Early on October 7, The Supreme Court of Canada released its decision in the case of Burke v. Hudson’s Bay Company (HBC), on the issues of transfer of assets between pension plans and use of pension plan assets for plan administration expenses. The Court ruled in favour of the sponsoring employer on both issues.
The case arose out of a 1987 transaction, in which HBC sold its Northern Stores division to the North West Company. As part of the transaction, HBC transferred assets out of its defined benefit pension plan equal to the accrued defined benefits of the employees affected by the deal, to a new pension plan established for those employees by their new employer. At the time, the HBC pension plan stood in surplus. The transferred employees went to court to argue that the transferred assets should have been topped up by their pro rata share of the plan surplus.
The employees also argued that HBC had diverted plan assets for the payment of administration expenses when the plan documents did not so allow.
At trial, the employees were successful on the asset transfer issue and unsuccessful on the expenses issue.
The Ontario Court of Appeal in a unanimous decision written by Madame Justice Gillese, ruled in 2008 for the employer on both issues, and the Supreme Court has now unanimously upheld that ruling.
Mr. Justice Rothstein’s reasons for recent judgement echo those of the Justice Gillese at the Court of Appeal.
Interestingly, the same two judges played the same respective roles in the seminal Nolan v. Kerry Canada Inc. case.
Burke now has the imprimatur of the Supreme Court, and as this latest decision contains some interesting and novel observations on some of the key principles underlying the case, it will take on added significance in the rapidly-growing Canadian pension law jurisprudence.
The Burke decision on plan expenses was unsurprising, consistent as it is with Kerry. The principal significance of the Supreme Court’s reasons for judgement lies in the discussion on the asset transfer issue.
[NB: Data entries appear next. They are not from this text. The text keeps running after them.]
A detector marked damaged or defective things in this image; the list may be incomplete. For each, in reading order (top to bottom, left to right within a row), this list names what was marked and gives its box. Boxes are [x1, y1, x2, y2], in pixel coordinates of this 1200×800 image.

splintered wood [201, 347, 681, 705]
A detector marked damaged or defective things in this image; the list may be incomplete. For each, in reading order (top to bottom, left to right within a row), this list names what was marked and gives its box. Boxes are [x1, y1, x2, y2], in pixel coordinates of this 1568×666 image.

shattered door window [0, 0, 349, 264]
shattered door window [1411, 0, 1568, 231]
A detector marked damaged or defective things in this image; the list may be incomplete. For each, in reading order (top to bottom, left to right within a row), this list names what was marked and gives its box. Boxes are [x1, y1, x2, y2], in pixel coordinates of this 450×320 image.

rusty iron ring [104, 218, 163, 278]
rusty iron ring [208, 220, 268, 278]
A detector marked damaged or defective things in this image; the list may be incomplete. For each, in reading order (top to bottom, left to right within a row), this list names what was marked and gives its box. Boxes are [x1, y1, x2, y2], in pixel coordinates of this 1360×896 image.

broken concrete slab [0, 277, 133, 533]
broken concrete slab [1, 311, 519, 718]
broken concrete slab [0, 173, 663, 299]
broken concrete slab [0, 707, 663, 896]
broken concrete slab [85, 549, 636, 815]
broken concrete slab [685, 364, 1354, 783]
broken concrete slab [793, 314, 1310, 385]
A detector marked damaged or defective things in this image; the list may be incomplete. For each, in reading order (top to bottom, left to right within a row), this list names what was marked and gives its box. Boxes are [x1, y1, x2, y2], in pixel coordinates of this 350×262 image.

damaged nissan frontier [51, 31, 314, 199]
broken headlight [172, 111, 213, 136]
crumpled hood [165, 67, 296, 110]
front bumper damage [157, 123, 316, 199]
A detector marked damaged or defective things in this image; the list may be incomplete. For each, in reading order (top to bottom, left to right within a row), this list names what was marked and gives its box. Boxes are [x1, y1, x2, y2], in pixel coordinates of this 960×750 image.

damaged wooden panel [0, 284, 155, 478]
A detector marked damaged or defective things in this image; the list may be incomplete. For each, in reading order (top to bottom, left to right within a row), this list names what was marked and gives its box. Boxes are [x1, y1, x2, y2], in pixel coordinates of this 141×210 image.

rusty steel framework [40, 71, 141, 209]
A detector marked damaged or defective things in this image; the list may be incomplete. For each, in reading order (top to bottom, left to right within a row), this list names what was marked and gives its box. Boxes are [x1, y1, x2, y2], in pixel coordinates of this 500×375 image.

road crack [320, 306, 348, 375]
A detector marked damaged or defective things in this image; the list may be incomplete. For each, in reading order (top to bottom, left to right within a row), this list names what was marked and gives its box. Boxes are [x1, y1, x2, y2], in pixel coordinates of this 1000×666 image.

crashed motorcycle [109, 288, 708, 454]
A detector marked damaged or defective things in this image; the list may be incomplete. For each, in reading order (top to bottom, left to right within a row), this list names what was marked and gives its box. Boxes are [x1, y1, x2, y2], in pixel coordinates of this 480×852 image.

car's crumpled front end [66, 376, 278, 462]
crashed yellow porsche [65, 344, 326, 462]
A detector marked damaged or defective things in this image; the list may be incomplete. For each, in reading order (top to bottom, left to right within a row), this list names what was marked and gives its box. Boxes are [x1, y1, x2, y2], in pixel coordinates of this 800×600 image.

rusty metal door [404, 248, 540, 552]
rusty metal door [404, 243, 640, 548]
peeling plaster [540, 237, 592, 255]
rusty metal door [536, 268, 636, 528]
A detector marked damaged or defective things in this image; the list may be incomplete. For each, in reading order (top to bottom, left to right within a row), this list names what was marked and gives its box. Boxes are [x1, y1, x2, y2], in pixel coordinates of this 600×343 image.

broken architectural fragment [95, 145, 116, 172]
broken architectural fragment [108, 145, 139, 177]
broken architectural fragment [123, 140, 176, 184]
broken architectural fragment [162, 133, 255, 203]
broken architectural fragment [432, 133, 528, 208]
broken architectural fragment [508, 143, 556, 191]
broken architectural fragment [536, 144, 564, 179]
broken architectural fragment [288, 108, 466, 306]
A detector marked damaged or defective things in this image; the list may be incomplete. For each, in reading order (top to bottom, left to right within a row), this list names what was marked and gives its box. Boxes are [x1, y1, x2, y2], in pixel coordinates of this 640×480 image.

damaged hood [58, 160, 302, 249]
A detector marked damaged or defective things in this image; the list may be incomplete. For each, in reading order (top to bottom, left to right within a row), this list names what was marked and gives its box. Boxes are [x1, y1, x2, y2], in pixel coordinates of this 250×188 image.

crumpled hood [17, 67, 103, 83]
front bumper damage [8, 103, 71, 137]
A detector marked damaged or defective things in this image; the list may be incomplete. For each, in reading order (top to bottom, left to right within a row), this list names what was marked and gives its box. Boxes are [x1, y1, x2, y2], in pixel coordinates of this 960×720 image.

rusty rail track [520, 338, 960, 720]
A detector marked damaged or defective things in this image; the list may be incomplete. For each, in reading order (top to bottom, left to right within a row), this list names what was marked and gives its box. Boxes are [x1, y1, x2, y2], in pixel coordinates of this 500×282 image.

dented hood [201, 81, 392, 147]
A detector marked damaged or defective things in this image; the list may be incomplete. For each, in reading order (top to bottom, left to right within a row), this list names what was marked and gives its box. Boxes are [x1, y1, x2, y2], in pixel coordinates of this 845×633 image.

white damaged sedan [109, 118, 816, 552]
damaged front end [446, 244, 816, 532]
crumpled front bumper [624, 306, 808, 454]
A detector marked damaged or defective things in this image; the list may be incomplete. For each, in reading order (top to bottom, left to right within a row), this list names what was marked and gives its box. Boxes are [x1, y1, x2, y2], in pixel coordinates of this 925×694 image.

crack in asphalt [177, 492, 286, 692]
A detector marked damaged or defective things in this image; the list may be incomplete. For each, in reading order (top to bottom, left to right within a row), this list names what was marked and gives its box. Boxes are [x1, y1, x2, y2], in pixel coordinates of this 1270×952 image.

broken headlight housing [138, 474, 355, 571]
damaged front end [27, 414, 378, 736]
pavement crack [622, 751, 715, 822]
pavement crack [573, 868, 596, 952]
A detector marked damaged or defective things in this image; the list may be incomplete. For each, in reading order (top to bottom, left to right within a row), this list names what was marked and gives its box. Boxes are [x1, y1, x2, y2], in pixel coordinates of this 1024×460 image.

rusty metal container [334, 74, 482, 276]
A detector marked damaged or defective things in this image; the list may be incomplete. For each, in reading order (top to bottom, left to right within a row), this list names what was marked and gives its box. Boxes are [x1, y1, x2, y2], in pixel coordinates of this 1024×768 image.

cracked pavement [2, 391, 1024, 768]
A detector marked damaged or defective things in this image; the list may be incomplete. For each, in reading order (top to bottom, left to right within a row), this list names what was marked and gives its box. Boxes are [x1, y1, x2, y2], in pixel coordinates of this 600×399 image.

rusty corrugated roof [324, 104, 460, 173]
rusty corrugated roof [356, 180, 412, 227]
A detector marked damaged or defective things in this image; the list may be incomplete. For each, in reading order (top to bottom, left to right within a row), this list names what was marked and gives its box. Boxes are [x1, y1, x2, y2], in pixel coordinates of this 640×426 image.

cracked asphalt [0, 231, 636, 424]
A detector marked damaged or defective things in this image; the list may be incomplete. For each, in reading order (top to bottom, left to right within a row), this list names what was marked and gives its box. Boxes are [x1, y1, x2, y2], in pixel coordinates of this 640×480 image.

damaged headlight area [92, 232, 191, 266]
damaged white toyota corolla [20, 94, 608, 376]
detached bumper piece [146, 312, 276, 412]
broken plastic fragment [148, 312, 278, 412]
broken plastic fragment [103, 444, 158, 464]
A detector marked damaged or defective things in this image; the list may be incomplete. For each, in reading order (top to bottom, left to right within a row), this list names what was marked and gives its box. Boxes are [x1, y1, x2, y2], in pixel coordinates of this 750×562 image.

Here the Court upheld Justice Gillese’s interpretation of the historical plan documents as not giving the plan members any entitlement to surplus, and holding that HBC could therefore validly cause all surplus assets to be retained in its pension plan when some of that plan’s members transferred to a successor employer’s plan.
In particular, Justice Rothstein rejected the affected employees’ argument that HBC had a duty to “hold an even hand” between transferring and non-transferring employees in its allocation and use of surplus. He noted that such duty is fiduciary in nature, and while HBC has a fiduciary duty in its role as plan administrator, that role required only that the company protect the members’ defined benefits.
Its actions in regard to surplus were held not to be fiduciary in nature, and therefore not to be subject to the duty of even-handedness.
This analysis reflects the well-known “two hats” doctrine of pension law, even if it does not expressly use that terminology. That is, the same corporation may act administrator of a pension plan for certain purposes and will be considered as a fiduciary for those purposes, while it may act as sponsoring employer for other purposes and it will not be considered as a fiduciary for those other purposes.
It would appear that the Supreme Court has implicitly blessed the two hats doctrine and, in doing so, has offered some novel thoughts on how that doctrine should be applied.
The Court noted that its decision was based on the particular wording of the HBC plan documents, and other asset transfer cases will be decided in accordance with the specific documentation of those plans.
As a general statement, this assertion cannot be disputed. However, this Supreme Court ruling will hopefully prove to be of considerable persuasive value in future asset transfer cases, as well as in other cases where it is necessary to delineate between the administrator role and the sponsoring employer role in pension plan operation.